We thank the Reviewer for pointing this out and apologize for a lack of clarity. This has now been rewritten (page 25, line 625).

All experiments were carried out in current clamp (‘bridge’) mode, and only cells with an initial series resistance between 9 and 16 MΩ were included. Series resistance was

compensated for by adjusting the bridge balance, and data was discarded if series resistance changed by more than 30%.

What was the pipette resistance measured to?

The pipette resistance was 4–7 MΩ. (page 24, line 577)

5. Modelling could be clearer. P 22, "tau_e = 10 min is the eligibility time constant. " Where does this value come from? Please justify.

tau_e = 10 min was based on the experimental protocol, where burst reactivation was

applied 10 minutes after priming. This has been added to the Methods section (page 27, line 667).

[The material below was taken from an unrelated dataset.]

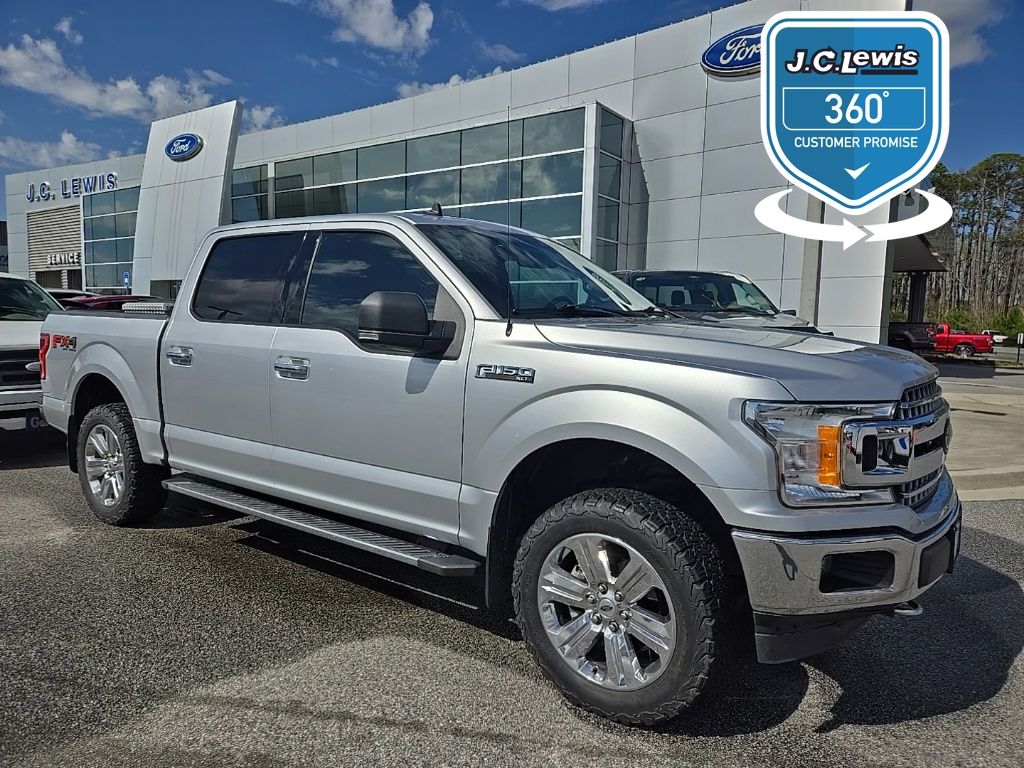 2019 Ford F-150 XLT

P 21, "(α_intrinsic is taken as 0 unless otherwise stated)", please clarify what this means and why it would sometimes be not zero.

α_intrinsic was applied to all neurons in Figure 6B, while in the other configurations no

intrinsic current was applied. We have changed the wording of this sentence to make this clearer (page 26, line 655).

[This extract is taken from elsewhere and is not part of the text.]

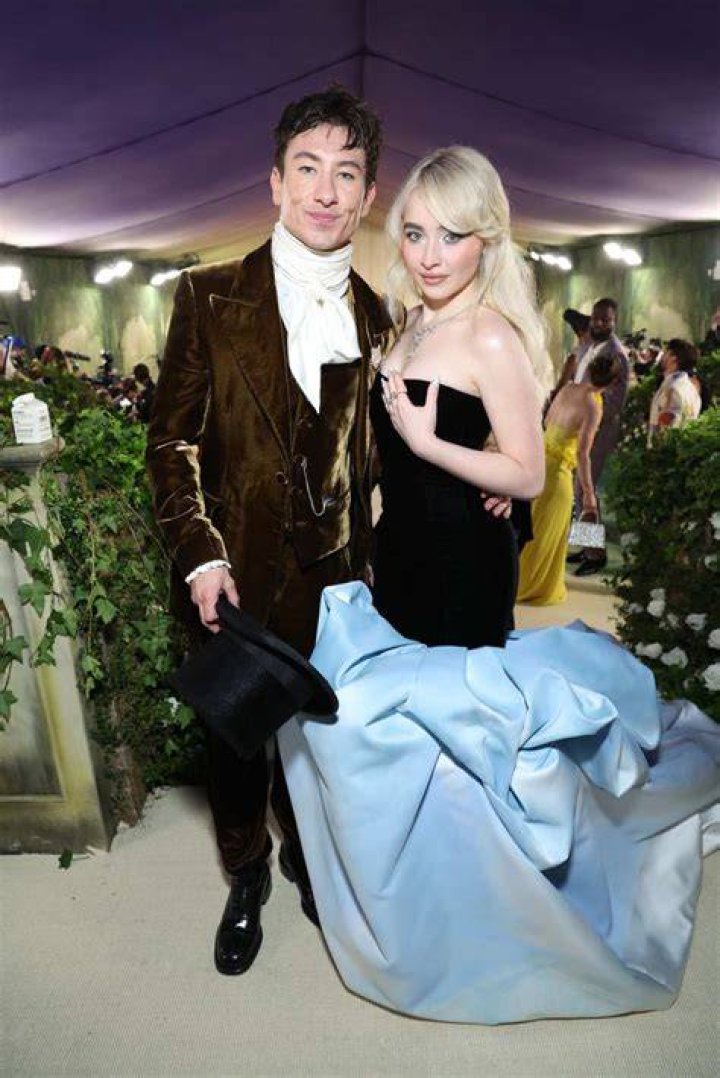 Barry Keoghan and Sabrina Carpenter barry keoghan and sabrina carpenter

P26, "Experimental data and code are available at https://github.com/ …" I cannot evaluate code that is not made available.

Experimental data and code have now been uploaded to github.com and referenced in the manuscript (page 30, line 793).

Code for computational model and code for in vivo analysis (including a link to in vivo data) are available at: https://github.com/przemyslawj/dCA1-reactivations. Data of plasticity experiments and of simulation data from computational model are available at: https://data.mendeley.com/datasets/dx7cdgpcz3/1.

6. Why is the priming done with post-pre and not pre-post pairing? Conceptually, this part is entirely unclear to me. (related to Major Point 1) Is this choice of timing explained somewhere and I missed it?

We chose the negative pairing paradigm in order to be able to clearly distinguish the effect of reactivation-induced plasticity from pairing-induced plasticity. With positive pairing it would be challenging to dissociate one type of potentiation from another and results would be difficult to interpret. We have shown though (Figure 1B MPEP) that t-LTD per se is not needed for reactivation-induced plasticity, thus, we concluded that only coincident activity is needed for priming. We have now stated, including in the abstract, that negative pairing was used.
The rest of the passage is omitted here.